Plus ténébreux que son prédécesseur, Lay Low, qui sortira le 9 octobre, a été enregistré au Canada, sous la houlette de Timber Timbre. Un choix qui a mis du temps à se concrétiser. "J'avais des chansons mais je ne savais pas comment les projeter, explique Lou Doillon, racontant avoir d'abord essayé avec son groupe habituel. Mes chansons étaient un peu plus violentes, plus dures, et je voulais que cette violence reste féminine." Après quelques essais avec la session rythmique de Savages et des arrangements signés Bernard Butler de Suede, la Française s'est finalement tournée vers le Canadien. "J'ai cherché quelqu'un qui aurait cette imperfection, ces aspérités, cette rugosité, confie-t-elle aux Inrocks. J'écoutais Timber Timbre en boucle et ça m'a donné envie de travailler avec Taylor Kirk."

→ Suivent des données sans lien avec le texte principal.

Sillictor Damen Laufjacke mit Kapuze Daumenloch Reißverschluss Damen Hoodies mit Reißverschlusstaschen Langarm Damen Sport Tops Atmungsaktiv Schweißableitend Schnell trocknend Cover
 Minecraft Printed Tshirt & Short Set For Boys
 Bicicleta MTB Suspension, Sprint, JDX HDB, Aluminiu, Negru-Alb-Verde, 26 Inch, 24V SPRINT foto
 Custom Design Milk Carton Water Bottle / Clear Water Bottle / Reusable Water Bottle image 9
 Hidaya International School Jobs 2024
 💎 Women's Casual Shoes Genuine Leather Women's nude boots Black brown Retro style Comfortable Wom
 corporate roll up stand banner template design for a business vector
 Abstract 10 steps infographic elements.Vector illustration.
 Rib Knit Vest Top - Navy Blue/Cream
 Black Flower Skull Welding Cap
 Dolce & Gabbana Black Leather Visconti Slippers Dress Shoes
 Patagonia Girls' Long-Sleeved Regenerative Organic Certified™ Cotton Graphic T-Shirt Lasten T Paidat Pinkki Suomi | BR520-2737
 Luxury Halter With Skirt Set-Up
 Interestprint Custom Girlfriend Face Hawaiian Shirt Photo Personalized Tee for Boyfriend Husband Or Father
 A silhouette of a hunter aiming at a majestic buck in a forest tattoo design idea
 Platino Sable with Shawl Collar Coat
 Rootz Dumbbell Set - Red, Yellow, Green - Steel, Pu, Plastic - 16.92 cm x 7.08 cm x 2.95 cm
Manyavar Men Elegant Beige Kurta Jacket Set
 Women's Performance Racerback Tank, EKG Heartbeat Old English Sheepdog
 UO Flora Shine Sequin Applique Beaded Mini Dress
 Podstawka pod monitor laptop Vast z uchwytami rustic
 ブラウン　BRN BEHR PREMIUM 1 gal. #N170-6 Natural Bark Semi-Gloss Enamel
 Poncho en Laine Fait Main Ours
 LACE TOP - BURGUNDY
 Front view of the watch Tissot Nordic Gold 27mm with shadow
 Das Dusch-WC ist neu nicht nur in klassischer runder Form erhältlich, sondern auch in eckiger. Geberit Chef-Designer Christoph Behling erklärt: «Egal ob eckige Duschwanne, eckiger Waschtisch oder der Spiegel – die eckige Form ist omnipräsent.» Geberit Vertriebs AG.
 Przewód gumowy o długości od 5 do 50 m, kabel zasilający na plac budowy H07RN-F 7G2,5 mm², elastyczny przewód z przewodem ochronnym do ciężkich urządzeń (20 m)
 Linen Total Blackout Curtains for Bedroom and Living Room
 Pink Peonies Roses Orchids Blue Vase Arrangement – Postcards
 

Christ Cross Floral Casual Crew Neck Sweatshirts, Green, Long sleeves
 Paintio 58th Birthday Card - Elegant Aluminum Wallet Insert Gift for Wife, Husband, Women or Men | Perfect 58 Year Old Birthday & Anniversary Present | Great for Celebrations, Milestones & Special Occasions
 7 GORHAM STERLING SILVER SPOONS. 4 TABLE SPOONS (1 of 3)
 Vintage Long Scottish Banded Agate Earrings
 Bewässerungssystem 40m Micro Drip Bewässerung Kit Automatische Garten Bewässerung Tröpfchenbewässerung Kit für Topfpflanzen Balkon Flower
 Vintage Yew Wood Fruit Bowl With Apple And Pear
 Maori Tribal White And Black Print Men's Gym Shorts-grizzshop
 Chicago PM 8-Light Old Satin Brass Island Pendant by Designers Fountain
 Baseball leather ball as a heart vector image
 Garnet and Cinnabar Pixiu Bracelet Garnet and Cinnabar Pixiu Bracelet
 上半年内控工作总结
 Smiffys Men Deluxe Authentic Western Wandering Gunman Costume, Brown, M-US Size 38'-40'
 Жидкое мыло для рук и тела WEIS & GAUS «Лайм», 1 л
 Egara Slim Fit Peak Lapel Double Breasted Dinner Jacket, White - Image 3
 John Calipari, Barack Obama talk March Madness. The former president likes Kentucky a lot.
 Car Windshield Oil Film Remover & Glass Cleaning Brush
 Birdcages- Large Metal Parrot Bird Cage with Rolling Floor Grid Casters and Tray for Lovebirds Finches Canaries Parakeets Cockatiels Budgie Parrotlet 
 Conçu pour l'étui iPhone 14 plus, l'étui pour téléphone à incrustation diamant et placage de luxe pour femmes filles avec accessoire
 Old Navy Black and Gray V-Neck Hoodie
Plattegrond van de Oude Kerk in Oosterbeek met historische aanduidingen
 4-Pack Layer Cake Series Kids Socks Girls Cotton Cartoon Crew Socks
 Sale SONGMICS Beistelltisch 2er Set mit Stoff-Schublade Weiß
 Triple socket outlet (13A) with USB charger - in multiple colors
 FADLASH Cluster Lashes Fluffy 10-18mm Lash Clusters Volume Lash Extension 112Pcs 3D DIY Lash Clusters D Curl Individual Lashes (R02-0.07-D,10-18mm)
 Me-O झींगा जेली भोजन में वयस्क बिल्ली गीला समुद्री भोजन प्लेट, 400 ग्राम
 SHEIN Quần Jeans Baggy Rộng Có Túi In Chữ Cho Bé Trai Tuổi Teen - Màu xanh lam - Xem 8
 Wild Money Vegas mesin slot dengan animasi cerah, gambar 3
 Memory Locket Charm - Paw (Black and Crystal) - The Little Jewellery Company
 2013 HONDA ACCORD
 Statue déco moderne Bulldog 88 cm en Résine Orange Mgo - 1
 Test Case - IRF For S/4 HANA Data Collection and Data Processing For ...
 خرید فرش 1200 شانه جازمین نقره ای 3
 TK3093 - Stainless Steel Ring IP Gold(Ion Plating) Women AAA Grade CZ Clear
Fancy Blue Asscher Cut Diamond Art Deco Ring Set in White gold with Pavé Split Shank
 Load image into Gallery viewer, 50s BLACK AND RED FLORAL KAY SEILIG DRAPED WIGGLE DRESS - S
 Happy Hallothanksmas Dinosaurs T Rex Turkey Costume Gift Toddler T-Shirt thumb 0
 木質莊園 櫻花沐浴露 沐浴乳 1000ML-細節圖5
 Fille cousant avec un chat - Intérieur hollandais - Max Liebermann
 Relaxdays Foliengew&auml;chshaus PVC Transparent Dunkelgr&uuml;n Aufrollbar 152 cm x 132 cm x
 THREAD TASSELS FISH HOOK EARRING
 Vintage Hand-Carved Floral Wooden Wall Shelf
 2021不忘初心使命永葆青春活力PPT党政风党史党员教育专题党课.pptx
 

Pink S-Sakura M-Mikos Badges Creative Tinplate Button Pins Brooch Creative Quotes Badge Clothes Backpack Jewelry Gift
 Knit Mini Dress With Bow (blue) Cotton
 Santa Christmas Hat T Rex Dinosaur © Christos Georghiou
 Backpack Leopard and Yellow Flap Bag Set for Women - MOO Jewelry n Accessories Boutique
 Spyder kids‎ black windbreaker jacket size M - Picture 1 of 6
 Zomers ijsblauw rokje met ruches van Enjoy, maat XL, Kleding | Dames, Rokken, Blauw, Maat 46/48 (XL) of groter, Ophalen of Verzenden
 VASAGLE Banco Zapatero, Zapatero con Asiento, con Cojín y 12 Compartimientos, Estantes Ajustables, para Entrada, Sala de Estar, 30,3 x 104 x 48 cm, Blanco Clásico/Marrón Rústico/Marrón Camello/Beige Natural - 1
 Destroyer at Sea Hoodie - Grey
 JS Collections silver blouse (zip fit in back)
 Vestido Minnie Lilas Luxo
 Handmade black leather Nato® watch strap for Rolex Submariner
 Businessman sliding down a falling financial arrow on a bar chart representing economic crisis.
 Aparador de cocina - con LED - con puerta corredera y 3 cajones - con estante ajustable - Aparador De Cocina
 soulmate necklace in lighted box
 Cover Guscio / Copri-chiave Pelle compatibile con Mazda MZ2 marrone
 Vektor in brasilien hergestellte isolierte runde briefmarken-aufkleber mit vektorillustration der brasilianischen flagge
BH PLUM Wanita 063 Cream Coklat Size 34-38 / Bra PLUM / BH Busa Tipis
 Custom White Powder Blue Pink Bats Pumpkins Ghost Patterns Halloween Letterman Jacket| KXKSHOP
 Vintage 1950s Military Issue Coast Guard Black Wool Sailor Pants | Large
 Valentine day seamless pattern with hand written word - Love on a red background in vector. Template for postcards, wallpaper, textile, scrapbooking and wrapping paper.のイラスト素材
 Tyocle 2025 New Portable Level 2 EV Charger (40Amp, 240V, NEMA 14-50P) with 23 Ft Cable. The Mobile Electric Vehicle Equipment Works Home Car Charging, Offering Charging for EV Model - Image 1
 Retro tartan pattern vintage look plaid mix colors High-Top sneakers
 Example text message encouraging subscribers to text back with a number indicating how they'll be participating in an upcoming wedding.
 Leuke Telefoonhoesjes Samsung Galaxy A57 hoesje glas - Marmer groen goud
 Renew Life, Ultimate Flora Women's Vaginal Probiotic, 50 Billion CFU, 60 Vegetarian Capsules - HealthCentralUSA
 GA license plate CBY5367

Après avoir réussi à le convaincre, Lou Doillon est allée enregistrer à Montréal, une ville qui, comme la chanteuse, baigne dans une culture bilingue. "Je rêve en français et en anglais. Ma vie quotidienne est en français. Mais le langage affectif, c'est l'anglais, explique-t-elle. Je prends du plaisir à écrire en français mais je ne peux pas m'empêcher de faire la maligne. Or je ne veux pas de ce jeu dans la musique, je ne cherche pas à plaire. J'ai été entourée de gens qui s'amusaient avec cette langue, mon père, Serge (Gainsbourg)... J'ai eu besoin de m'en éloigner. Pour moi, chanter c'est pas ça du tout, c'est se mettre à poil moralement."